Web page caption snippets

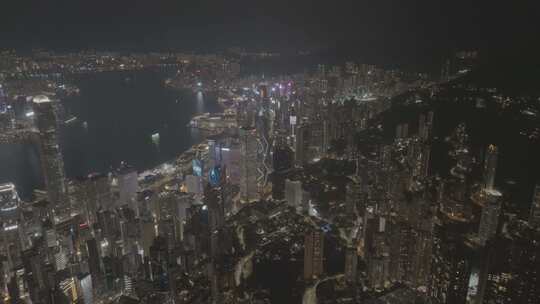 香港城市夜景航拍视频Dlog4K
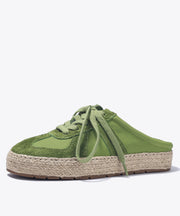 Grass Green Platform Cowhide Leather Lace Up Splicing Slide Sandals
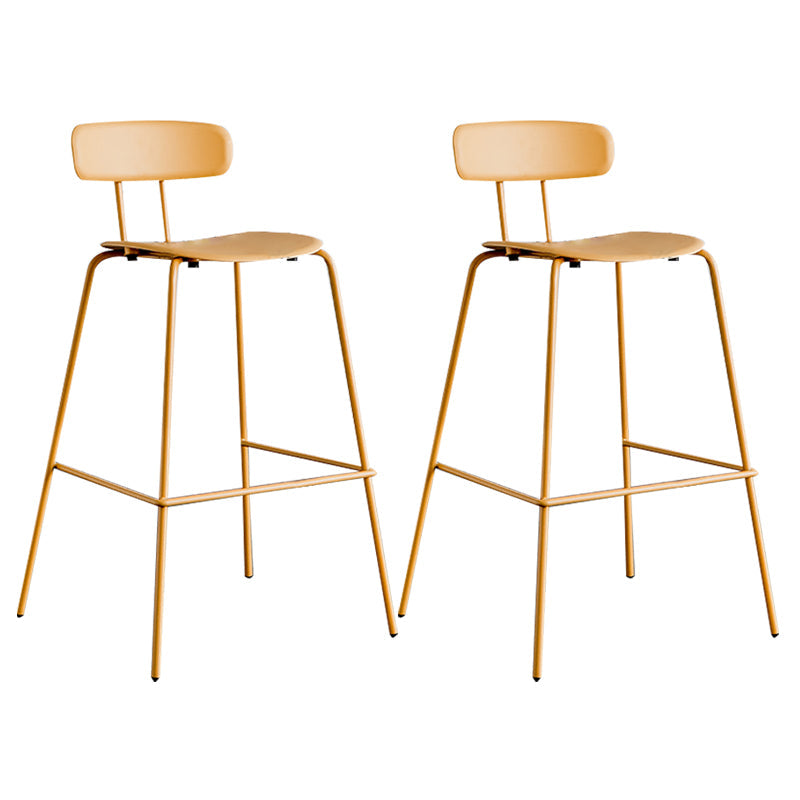 Scandinavian Milk Tea Shop Metal Bar Stool Matte Finish Footrest Stool Yellow 2 Piece Set Clearhalo 'Bar Furniture' 'Bar Stools' 'bar_stools' 'furn' 'furn_bar_stools' 'Furniture' 'furniture_bar_stools' 'Kitchen & Dining Furniture' 4940275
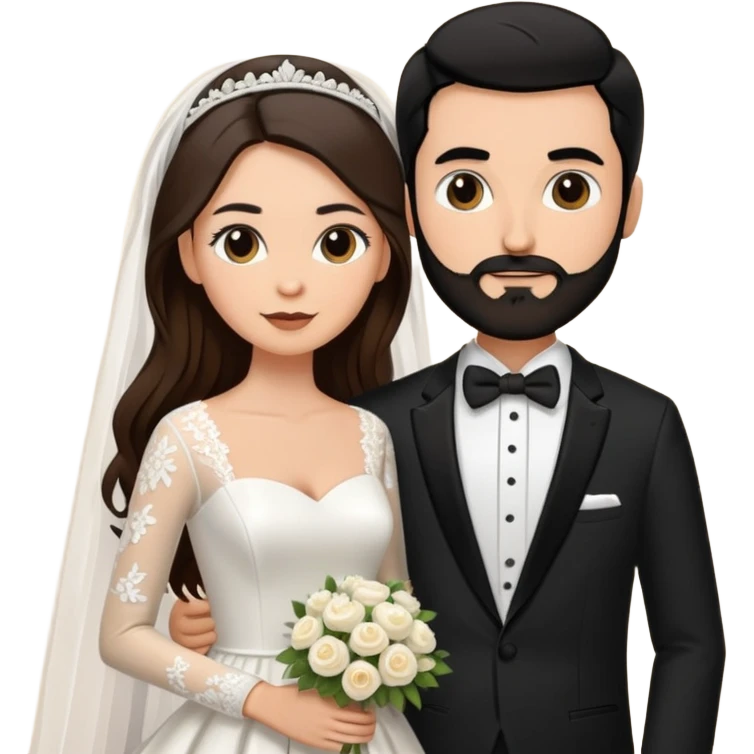 bride with long sleve dress, long brown hair and groom with black tux, short black beard and buzzed black hair emoji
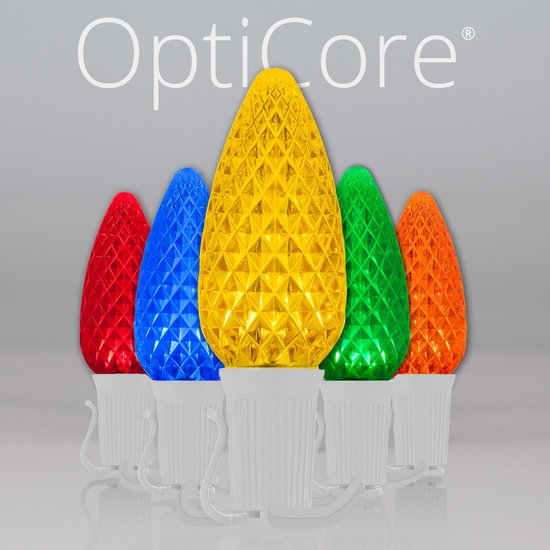 C9 Multicolor OptiCore Commercial LED Christmas String Lights, 25 Lights, 25'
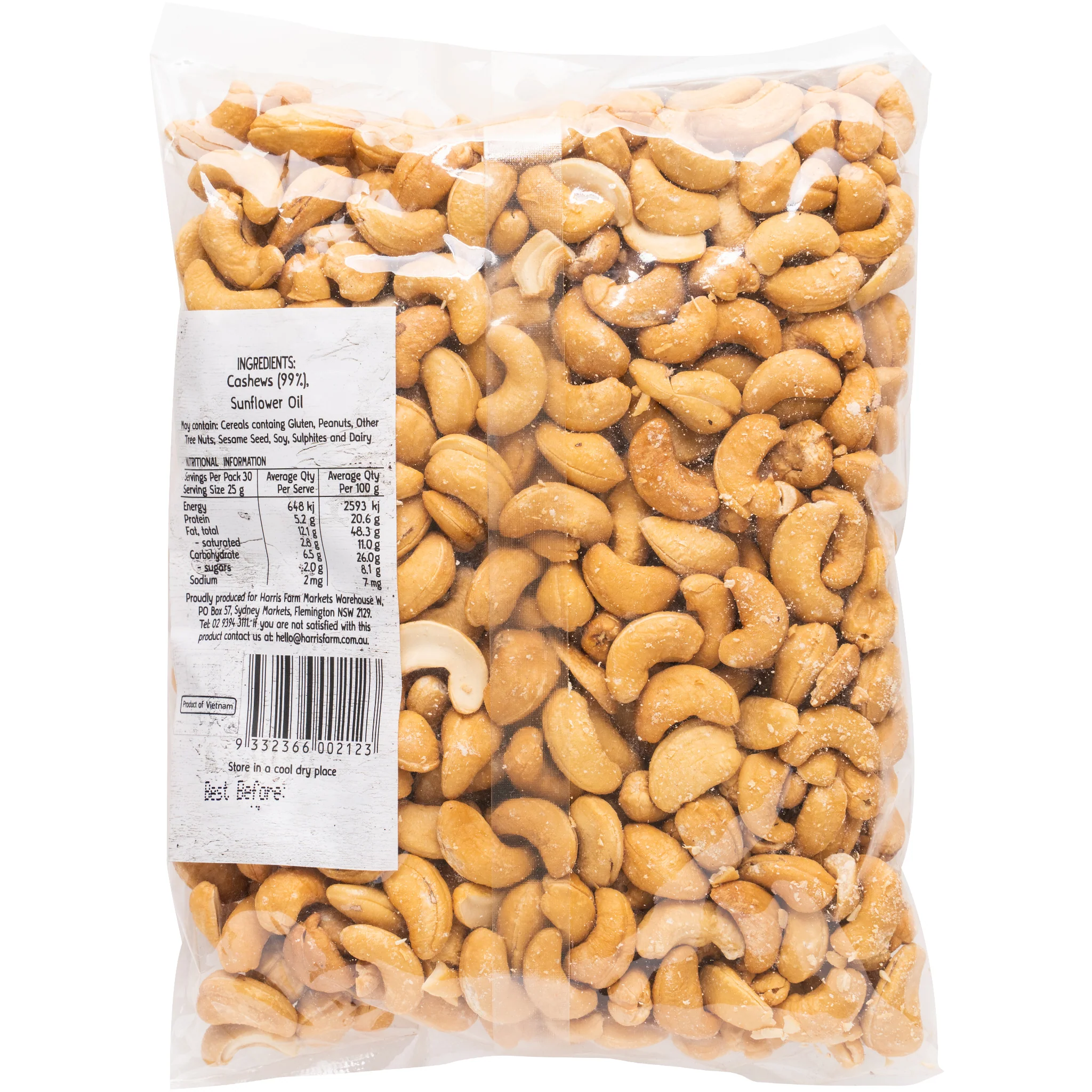 Harris Farm Cashews Roasted and Unsalted 750g - Image 2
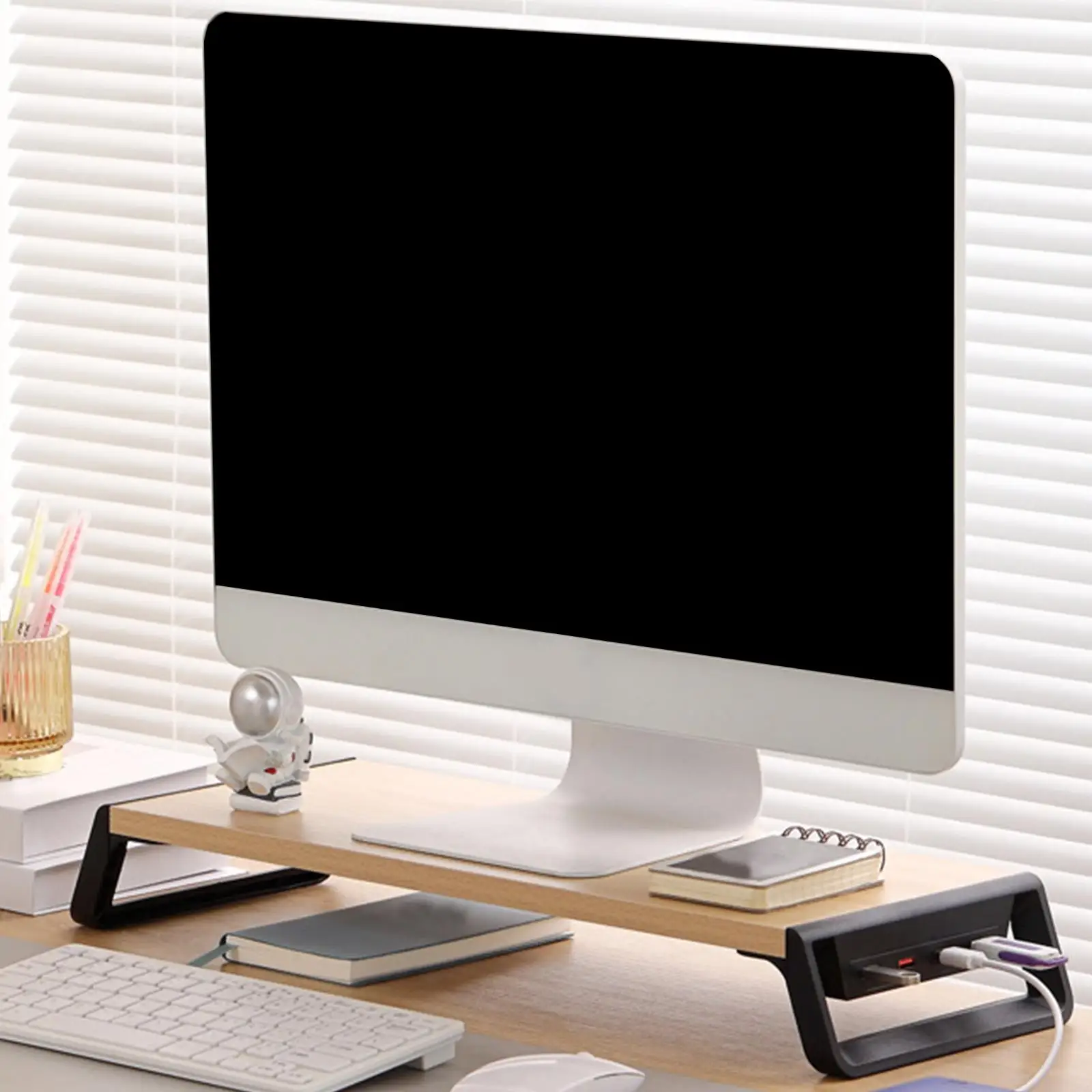 Supporto rialzato per computer con porta di ricarica USB Supporto stabile per monor per computer per camera da letto, tavolo, ufficio, sala studio domestica  7
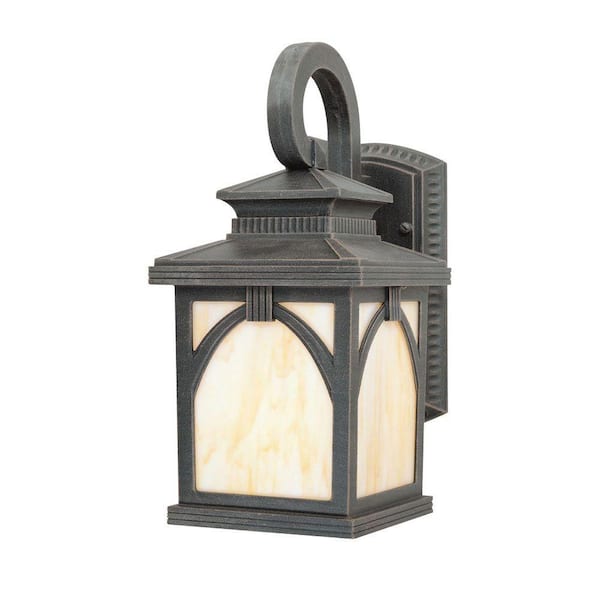 Westinghouse 1-Light Rust on Cast Aluminum Exterior Wall Lantern Sconce with Tiffany Art Glass Panels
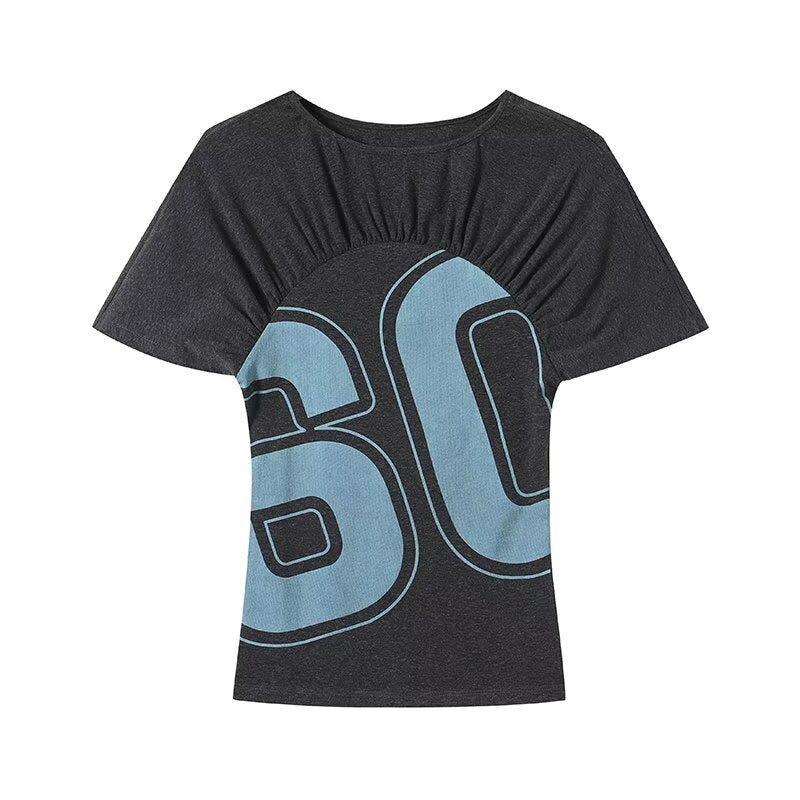 Damen casual kortärmad t-shirt med rynkning och grafisk tryck Mirla-Eva Jonsson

Exercise details =
No pictures belong in the output. Restate word for word only the lines from the one containing "Harris Farm Cashews" to the end of the entries above.

Answer below =
 Harris Farm Cashews Roasted and Unsalted 750g - Image 2
 Supporto rialzato per computer con porta di ricarica USB Supporto stabile per monor per computer per camera da letto, tavolo, ufficio, sala studio domestica  7
 Westinghouse 1-Light Rust on Cast Aluminum Exterior Wall Lantern Sconce with Tiffany Art Glass Panels
 Damen casual kortärmad t-shirt med rynkning och grafisk tryck Mirla-Eva Jonsson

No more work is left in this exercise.